== Exercise objective ==
Without the pictures, extract every line from the start of the material to the line containing "RugSmith Large Layered", both ends included.

== Exercise data ==
----------------
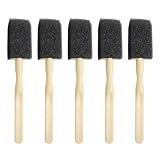 Reinigungsbürste für Lüftungsschlitze, AC Vent Duster Tool mit Schwammspitze für Kfz-Kühlergrill-Reiniger, schmaler Schlitz-Detailing-Stab für Armaturenbrett und Autopflegebedarf, schwarz (10 Stück)
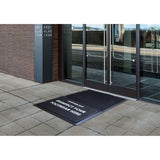 RugSmith Large Layered Rubber Sanitizer Doormat, Tray, and Foam Insert, 36" x 60" - 36" x 60"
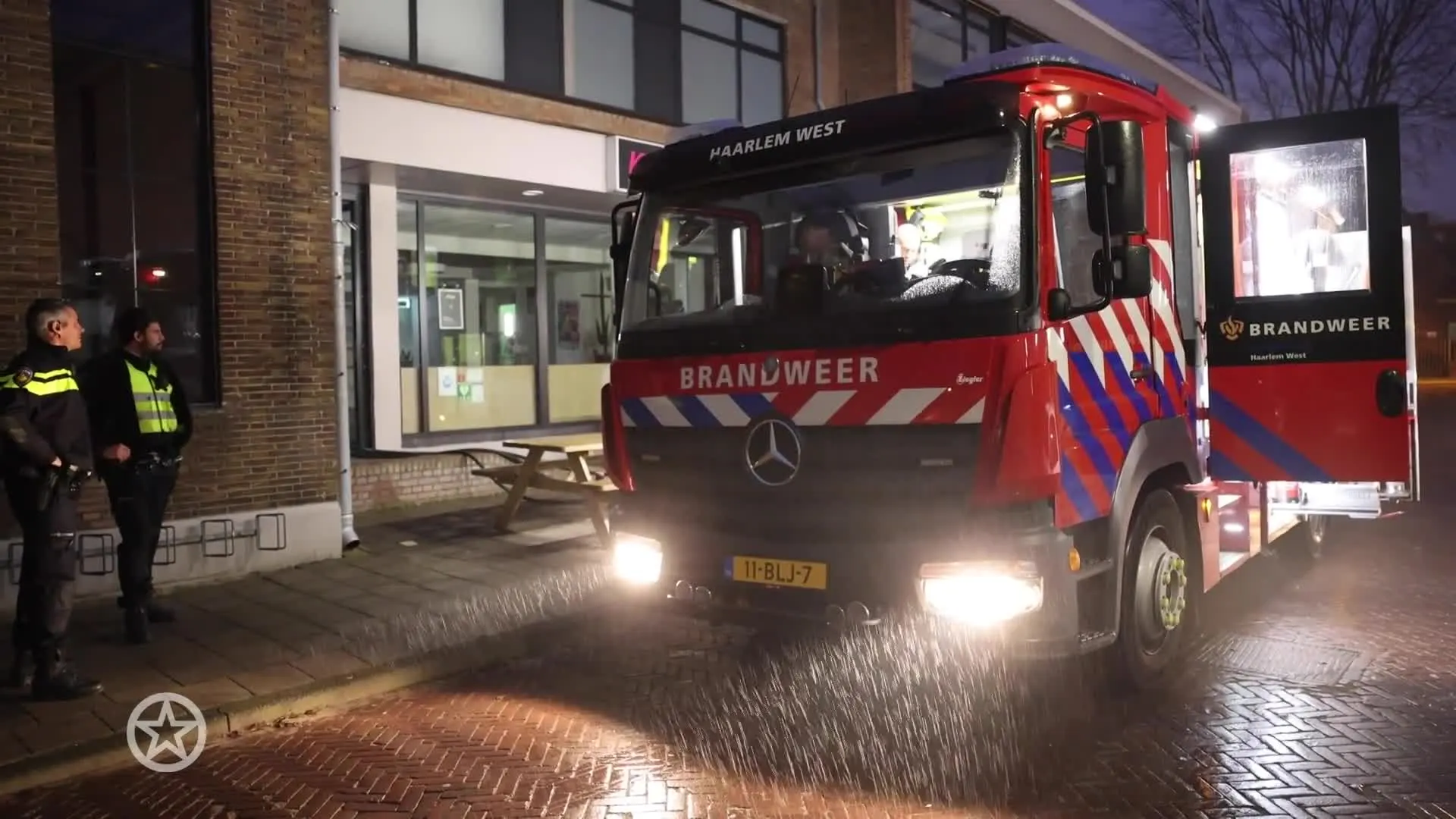 Brand in sportschool Haarlem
----------------
== Result of this exercise ==
 Reinigungsbürste für Lüftungsschlitze, AC Vent Duster Tool mit Schwammspitze für Kfz-Kühlergrill-Reiniger, schmaler Schlitz-Detailing-Stab für Armaturenbrett und Autopflegebedarf, schwarz (10 Stück)
 RugSmith Large Layered Rubber Sanitizer Doormat, Tray, and Foam Insert, 36" x 60" - 36" x 60"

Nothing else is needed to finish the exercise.